Work order —
After locating the line with "this 250×188 image." in the records below, print it and every line after it exactly.

Saved entries:
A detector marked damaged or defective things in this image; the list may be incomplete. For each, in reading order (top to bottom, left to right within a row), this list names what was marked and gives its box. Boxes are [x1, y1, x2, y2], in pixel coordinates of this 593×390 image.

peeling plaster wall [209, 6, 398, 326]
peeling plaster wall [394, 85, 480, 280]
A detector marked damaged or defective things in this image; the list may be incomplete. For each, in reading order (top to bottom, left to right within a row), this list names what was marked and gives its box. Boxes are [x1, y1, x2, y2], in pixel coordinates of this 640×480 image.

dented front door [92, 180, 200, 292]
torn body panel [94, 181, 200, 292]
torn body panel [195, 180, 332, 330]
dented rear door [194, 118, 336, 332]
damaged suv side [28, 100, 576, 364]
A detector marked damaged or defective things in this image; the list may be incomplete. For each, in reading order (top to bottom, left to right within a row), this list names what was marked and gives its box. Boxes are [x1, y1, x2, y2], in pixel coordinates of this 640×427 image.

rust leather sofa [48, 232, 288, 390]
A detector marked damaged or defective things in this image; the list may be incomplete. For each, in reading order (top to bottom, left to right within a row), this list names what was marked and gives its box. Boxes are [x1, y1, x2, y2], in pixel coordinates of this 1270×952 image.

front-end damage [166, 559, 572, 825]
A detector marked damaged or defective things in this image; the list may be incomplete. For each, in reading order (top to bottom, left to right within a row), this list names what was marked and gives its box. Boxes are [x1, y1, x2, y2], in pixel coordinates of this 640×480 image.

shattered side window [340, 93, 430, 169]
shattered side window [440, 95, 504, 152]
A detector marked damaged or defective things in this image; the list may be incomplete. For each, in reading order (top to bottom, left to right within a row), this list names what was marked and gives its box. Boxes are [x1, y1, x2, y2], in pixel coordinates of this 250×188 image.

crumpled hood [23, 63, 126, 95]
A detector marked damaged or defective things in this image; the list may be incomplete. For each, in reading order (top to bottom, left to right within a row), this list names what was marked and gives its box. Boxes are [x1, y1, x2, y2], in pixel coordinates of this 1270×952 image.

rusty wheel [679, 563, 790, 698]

Answer space —
A detector marked damaged or defective things in this image; the list may be incomplete. For each, in reading order (top to bottom, left to right within a row), this list names what was marked and gives its box. Boxes are [x1, y1, x2, y2], in pixel coordinates of this 250×188 image.

crumpled hood [23, 63, 126, 95]
A detector marked damaged or defective things in this image; the list may be incomplete. For each, in reading order (top to bottom, left to right within a row), this list names what was marked and gives its box. Boxes are [x1, y1, x2, y2], in pixel coordinates of this 1270×952 image.

rusty wheel [679, 563, 790, 698]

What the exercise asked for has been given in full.